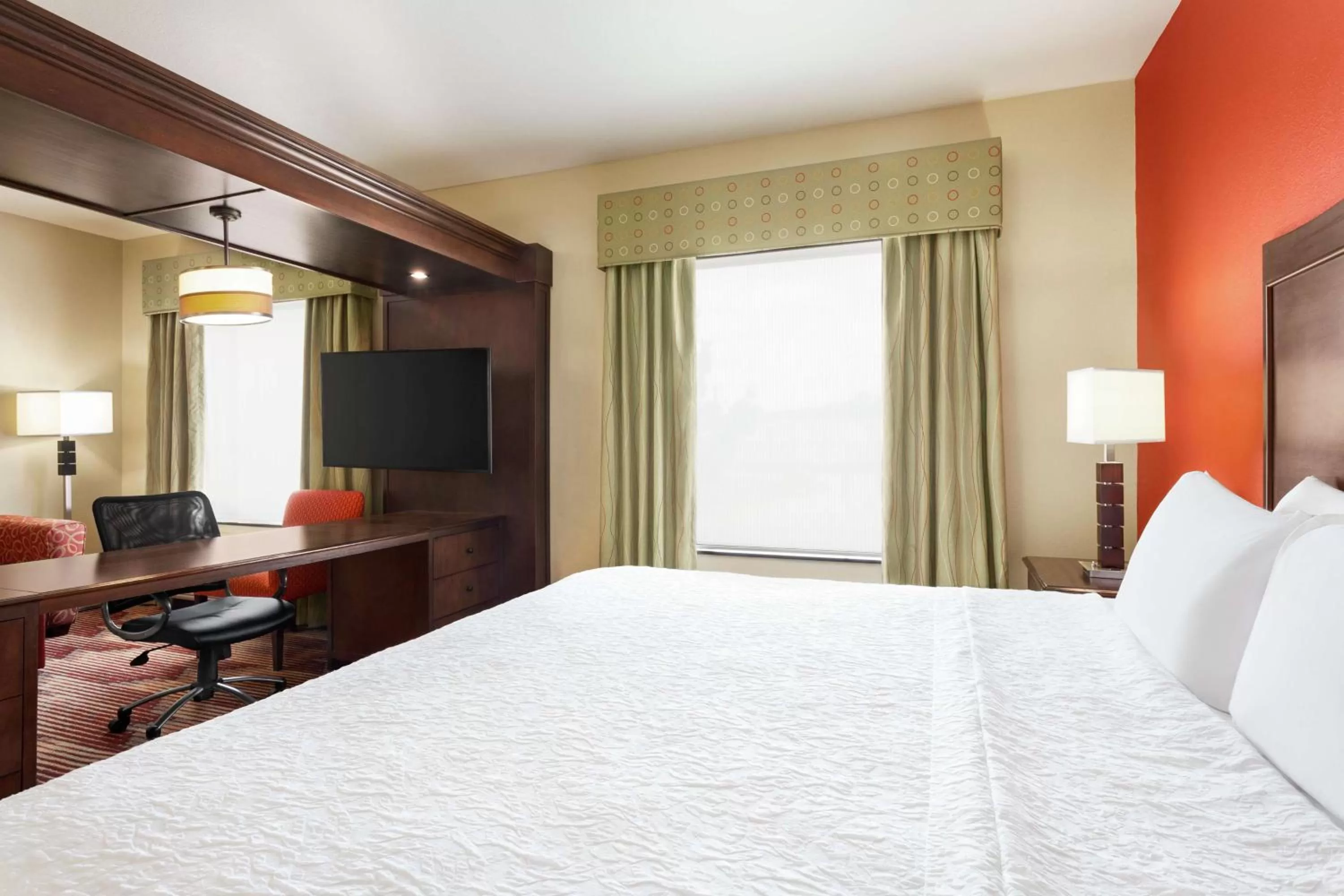 Bedroom, Bed in Hampton Inn Sulphur Springs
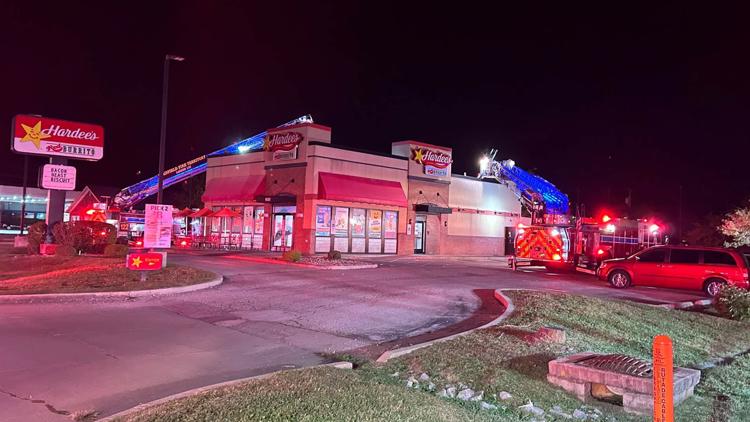 Fire breaks out in ventilation system of Hardee's restaurant in Plainfield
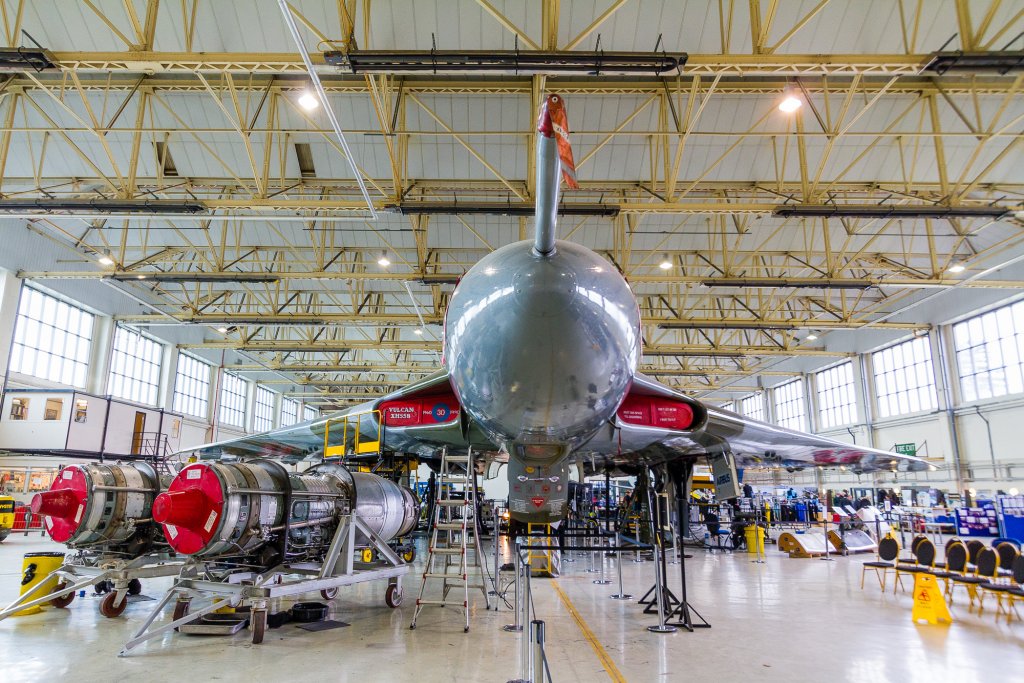 Vulcan XH558 - engines out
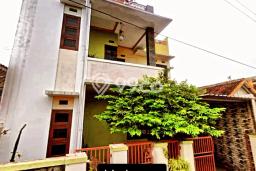 Jual Rumah Favorit Siap Huni LB 200m2 di Laweyan, Surakarta Jual Rumah Favorit Siap Huni LB 200m2 di Laweyan, Surakarta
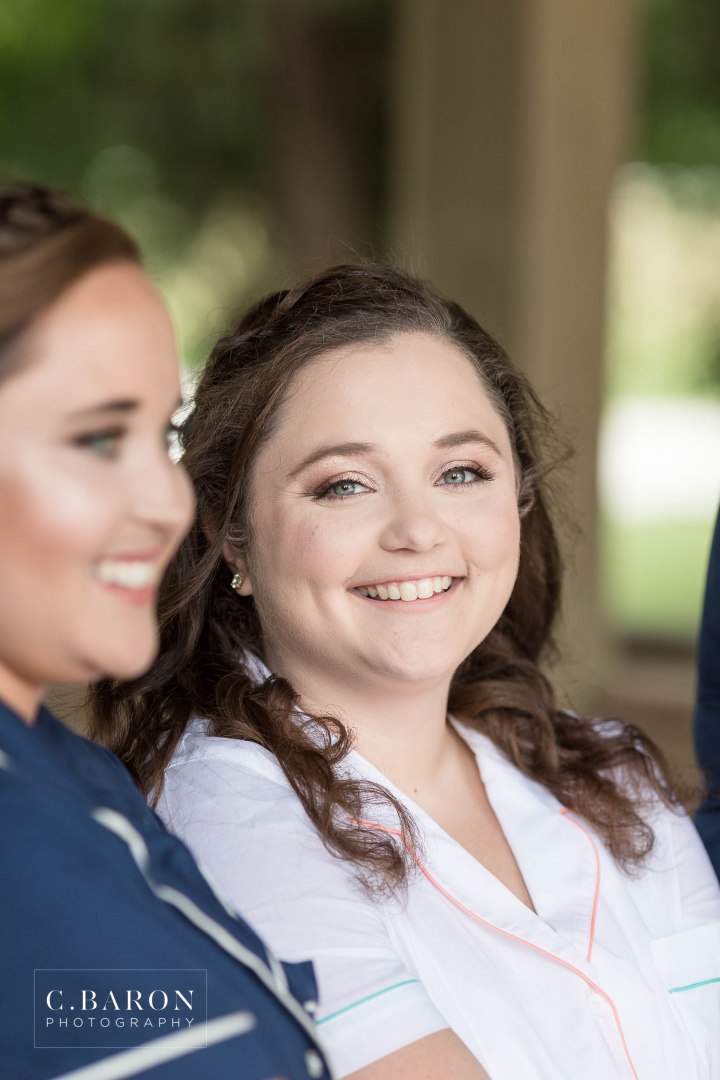 Pretty summer Big Sky Barn Wedding in Montgomery Texas near Lake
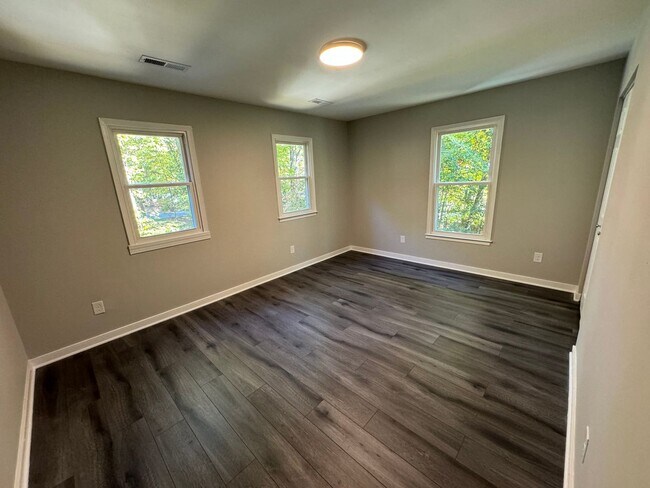 Building Photo - 1707 Choate Pl
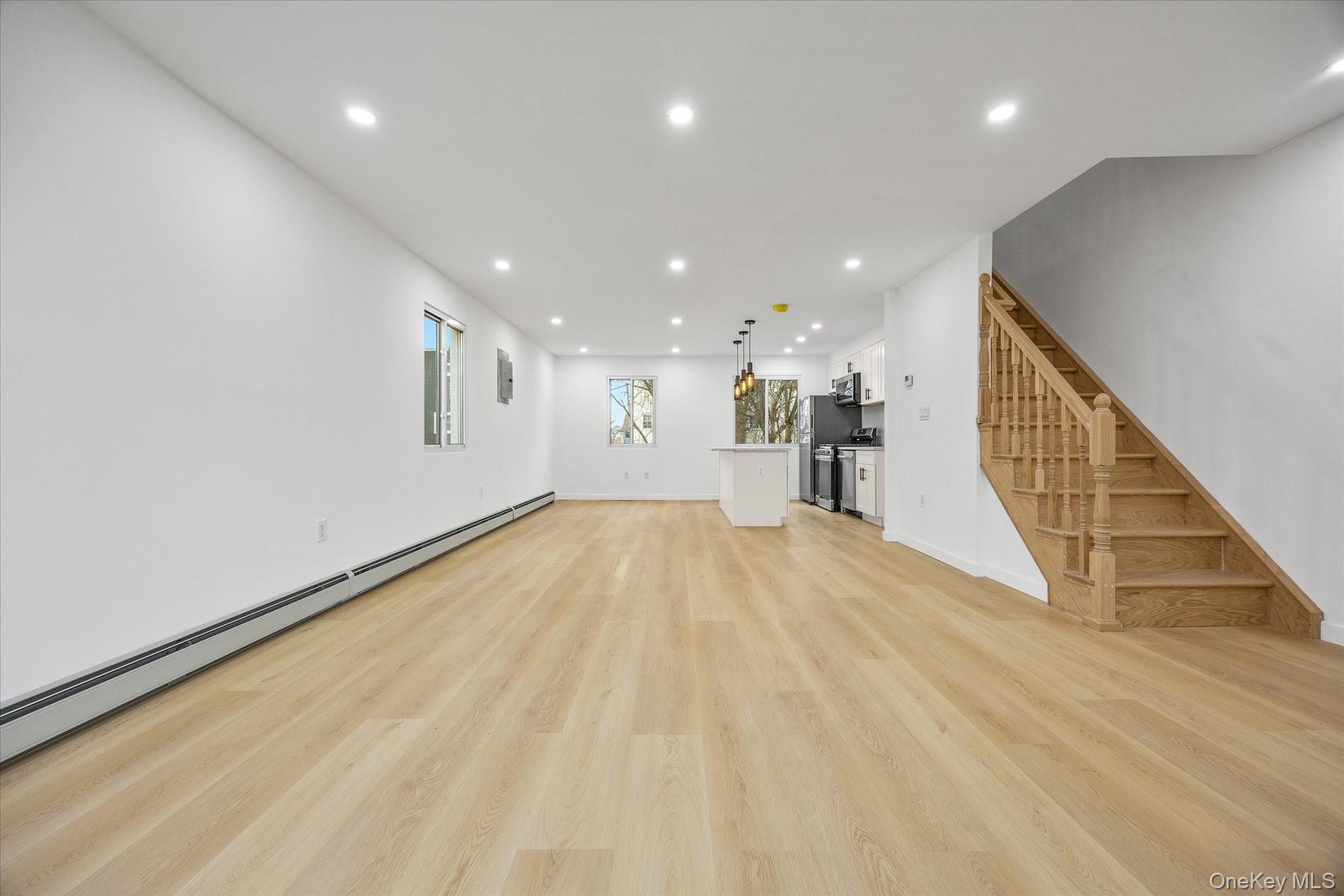 #6 photo, 641 Beach 65th Street, 皇后区 Arverne , NY 11692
____
• _What this task involves_
Leaving the pictures out, copy exactly the lines from the line that contains "Building Photo - 1707 Choate Pl" to the last line of the data, both ends included.

• _Answer box_
 Building Photo - 1707 Choate Pl
 #6 photo, 641 Beach 65th Street, 皇后区 Arverne , NY 11692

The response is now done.